What the Law Says About Patent Claims
A nonprovisional patent application ought to have at least one patent claim especially pointing out and precisely characterizing the innovation, although most patent applications and issued patents will have a lot more than one claim. Since a patent with more claims is viewed as more powerful and more relevant as a broad general rule, you might as well have at least as many as you can for the cost of the fundamental filing fee.
A claim might be written in either independent or dependent form. An independent claim remains solitary and does not refer to or join some other claim.

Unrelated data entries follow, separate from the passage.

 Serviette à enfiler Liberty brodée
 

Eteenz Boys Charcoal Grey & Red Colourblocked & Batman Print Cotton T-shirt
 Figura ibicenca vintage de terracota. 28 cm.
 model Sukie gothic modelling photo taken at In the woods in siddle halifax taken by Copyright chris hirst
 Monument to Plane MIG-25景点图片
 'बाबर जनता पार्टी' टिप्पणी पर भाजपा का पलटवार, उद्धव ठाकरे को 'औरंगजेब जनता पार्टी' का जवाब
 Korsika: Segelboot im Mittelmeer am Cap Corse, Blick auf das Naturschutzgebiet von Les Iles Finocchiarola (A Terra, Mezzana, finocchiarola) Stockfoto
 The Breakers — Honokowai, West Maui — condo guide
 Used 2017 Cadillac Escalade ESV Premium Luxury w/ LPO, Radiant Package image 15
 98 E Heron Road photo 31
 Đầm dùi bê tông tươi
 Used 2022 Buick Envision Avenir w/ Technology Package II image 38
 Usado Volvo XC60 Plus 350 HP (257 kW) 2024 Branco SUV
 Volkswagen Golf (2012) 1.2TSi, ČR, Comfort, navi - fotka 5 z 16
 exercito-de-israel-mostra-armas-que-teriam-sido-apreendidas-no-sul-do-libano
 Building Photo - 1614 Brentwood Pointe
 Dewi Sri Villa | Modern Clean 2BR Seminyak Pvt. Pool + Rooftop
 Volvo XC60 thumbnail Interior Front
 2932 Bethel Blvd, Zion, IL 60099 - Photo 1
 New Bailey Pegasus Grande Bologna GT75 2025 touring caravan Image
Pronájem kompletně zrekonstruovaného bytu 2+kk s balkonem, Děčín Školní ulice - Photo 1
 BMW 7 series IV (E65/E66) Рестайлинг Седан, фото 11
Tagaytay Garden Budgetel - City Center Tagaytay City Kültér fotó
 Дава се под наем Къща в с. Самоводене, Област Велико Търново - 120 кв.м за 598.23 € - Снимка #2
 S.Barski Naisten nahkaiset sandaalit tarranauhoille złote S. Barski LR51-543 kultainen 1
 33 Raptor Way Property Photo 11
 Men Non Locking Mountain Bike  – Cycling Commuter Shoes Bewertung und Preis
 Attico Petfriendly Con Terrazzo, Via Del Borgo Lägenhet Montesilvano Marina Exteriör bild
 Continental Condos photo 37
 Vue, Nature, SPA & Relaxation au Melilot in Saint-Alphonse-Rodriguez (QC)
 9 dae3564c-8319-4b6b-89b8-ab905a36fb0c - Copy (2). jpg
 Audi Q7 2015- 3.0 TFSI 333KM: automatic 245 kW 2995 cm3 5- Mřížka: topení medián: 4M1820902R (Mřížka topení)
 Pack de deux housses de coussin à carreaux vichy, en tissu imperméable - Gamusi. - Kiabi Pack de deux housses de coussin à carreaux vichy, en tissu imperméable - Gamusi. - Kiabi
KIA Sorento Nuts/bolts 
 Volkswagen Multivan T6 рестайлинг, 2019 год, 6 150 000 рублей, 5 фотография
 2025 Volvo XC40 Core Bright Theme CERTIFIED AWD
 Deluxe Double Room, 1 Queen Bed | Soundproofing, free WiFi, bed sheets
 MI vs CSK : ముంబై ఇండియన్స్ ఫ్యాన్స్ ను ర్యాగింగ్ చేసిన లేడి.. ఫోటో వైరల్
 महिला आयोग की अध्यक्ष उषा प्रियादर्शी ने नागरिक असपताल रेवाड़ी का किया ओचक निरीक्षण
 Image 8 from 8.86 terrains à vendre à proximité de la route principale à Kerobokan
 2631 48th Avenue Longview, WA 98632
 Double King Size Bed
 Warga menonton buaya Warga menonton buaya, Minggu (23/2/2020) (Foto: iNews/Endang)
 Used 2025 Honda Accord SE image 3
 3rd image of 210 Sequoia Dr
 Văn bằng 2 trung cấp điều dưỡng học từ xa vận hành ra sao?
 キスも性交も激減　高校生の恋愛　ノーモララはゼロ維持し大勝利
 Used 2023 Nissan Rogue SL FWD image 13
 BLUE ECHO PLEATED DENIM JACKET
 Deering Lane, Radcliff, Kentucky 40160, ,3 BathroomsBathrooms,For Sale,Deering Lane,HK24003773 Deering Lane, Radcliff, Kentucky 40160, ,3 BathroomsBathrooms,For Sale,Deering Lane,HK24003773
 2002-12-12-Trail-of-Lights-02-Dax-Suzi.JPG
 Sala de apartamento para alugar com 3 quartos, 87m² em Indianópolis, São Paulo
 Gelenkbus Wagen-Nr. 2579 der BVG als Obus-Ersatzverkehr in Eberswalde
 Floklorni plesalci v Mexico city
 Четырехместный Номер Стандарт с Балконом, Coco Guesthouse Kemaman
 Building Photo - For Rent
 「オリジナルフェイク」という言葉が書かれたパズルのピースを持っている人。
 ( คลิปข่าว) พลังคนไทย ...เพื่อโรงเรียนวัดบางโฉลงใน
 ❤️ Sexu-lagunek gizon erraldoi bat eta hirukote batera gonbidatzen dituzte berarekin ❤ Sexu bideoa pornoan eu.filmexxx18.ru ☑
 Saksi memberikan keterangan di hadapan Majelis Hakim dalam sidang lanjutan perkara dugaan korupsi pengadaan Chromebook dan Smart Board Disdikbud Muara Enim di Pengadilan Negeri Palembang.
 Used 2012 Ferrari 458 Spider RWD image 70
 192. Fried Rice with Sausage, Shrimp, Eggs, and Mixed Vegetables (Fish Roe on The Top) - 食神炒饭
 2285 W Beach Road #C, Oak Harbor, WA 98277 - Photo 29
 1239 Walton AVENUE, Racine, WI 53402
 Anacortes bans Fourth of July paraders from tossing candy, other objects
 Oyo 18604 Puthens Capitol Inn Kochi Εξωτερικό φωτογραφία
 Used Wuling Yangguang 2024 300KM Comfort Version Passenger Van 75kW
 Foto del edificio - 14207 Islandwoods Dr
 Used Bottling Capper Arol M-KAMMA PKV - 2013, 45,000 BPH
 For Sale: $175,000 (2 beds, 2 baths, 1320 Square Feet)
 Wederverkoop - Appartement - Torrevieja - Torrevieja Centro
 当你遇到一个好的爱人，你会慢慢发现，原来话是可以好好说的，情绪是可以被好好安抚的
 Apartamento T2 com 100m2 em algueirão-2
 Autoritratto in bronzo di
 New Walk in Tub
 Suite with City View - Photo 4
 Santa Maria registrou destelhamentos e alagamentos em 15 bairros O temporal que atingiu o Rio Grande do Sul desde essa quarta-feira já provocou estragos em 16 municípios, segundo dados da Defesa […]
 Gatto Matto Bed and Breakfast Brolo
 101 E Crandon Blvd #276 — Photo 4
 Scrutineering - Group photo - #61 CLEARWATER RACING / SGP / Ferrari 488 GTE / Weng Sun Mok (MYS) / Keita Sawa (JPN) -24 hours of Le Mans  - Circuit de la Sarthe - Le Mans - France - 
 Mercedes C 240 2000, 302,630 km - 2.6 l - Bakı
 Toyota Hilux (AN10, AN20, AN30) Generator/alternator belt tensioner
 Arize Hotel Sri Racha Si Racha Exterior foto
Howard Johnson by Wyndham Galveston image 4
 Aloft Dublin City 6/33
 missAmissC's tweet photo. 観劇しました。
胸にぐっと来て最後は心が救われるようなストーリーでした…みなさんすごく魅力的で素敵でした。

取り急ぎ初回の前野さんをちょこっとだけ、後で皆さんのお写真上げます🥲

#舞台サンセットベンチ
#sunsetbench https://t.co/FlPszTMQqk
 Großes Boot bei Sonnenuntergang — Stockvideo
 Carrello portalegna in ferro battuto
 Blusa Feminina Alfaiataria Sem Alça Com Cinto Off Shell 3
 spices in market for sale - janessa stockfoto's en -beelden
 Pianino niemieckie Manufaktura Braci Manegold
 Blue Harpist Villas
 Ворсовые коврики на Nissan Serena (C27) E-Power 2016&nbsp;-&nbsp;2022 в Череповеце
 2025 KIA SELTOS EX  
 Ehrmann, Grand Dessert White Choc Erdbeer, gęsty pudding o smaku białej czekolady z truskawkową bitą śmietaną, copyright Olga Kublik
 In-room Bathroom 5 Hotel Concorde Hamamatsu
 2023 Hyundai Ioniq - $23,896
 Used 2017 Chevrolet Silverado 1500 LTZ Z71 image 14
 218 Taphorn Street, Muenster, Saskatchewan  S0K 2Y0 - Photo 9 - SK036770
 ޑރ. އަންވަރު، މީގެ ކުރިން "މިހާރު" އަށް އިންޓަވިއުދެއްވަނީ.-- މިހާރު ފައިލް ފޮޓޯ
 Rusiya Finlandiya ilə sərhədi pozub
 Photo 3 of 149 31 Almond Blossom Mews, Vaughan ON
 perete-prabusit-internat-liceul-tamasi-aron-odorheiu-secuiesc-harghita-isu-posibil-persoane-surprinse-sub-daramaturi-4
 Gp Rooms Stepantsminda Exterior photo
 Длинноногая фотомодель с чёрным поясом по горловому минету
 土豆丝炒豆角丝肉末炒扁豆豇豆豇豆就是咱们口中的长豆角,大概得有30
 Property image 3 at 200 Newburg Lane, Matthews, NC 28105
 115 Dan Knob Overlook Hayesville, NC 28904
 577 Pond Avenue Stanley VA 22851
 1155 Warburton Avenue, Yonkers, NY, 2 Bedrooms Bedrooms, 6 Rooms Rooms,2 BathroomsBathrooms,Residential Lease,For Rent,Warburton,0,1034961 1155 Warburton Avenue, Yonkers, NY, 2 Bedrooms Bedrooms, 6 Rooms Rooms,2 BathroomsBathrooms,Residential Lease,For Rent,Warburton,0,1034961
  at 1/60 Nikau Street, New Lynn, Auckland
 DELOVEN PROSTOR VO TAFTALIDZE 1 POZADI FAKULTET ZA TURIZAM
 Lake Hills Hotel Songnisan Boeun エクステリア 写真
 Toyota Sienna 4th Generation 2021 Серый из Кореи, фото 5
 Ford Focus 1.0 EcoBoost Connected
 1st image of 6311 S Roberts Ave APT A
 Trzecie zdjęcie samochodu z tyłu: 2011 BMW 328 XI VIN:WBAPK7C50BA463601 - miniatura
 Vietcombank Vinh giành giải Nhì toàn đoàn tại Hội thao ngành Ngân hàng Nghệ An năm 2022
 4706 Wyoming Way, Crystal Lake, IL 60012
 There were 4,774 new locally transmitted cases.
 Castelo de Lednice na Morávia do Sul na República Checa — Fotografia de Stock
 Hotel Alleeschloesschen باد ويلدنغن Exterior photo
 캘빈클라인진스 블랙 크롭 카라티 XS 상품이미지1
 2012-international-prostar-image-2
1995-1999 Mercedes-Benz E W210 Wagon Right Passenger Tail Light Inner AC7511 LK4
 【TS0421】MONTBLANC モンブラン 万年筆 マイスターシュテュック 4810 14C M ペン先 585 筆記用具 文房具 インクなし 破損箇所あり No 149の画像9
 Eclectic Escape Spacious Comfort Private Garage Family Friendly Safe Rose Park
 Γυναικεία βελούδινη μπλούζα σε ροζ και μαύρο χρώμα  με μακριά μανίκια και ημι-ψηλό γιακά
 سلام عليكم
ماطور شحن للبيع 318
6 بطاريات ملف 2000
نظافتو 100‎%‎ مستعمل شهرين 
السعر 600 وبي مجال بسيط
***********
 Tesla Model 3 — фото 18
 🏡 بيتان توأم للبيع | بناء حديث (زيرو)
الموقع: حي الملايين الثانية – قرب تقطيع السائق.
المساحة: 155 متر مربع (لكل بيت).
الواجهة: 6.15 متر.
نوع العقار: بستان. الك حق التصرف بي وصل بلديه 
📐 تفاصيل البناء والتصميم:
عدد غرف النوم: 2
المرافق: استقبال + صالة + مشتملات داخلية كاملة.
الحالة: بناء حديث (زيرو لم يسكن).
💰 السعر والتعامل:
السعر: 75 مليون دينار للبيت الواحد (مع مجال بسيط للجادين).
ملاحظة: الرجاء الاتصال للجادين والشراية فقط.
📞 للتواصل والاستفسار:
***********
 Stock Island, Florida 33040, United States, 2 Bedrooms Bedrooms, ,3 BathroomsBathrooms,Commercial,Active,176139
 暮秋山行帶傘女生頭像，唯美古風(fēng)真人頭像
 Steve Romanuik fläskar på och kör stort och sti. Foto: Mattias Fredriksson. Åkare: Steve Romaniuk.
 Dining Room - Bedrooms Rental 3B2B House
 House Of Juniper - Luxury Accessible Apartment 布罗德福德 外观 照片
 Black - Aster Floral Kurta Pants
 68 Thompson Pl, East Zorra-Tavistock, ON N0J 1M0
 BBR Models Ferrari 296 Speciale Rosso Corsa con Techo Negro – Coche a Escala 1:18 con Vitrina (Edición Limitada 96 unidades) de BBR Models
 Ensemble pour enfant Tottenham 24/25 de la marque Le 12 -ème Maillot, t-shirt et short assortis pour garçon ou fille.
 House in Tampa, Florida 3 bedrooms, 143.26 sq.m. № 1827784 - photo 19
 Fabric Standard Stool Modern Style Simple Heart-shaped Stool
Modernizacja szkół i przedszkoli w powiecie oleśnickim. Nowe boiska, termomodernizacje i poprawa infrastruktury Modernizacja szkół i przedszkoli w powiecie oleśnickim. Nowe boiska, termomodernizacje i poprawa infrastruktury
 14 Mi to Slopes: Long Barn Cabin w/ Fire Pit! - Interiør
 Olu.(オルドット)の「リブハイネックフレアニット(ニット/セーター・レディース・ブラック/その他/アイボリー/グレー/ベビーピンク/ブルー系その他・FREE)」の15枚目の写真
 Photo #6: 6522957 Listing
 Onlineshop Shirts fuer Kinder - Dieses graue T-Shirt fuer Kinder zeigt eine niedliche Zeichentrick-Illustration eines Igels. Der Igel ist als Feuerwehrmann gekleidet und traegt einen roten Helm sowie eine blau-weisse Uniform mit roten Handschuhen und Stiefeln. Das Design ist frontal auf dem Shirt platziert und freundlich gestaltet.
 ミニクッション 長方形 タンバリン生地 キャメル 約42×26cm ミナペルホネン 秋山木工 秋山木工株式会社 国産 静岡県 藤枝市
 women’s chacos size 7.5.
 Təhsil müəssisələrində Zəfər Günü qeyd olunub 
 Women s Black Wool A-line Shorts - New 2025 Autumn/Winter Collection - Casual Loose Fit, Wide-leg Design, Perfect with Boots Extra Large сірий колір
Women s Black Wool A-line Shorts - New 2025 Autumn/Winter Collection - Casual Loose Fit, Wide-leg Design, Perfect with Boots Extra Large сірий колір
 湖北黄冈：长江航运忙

A dependent claim refers to an earlier claim and further restricts the innovation, either by joining an extra element or limitation not previously introduced or further narrowing an element or limitation that was recently presented. A claim in dependent form merges by reference every one of the restrictions of the claim to which it refers.
Three Simple Rules for Patent Claim Drafting
1. Preamble in the claim: Each patent claim needs a preamble, which is the starting expression in a claim. The overall guideline is that the preamble of a claim does not restrict the extent of the claim, however, attempt and avoid functional language if you can. Functional language is not wrong and it will normally not restrict a claim, but why take a risk? It is best practice to keep away from a functional language with only a few exceptions.
2. Transition in the claim: Every patent claim needs a transition. The most widely recognized transitions are: “comprising” and “consisting of.” “Comprising” is by far the most common because it means the innovation includes but is not restricted to the elements identified in the claim. “Consisting of” is closed and means that the innovation is only what is defined.
3. Introduction of limitation in the Patent claim: The first time you introduce a limitation in a patent claim you MUST introduce it with either “a” or “an”, as is grammatically appropriate. Consequently, you refer to the already introduced limitation by either “said” or “the.” This can be quite difficult for beginners because the three most common words in the English language a, an, & the are all terms of art for patent claim drafting.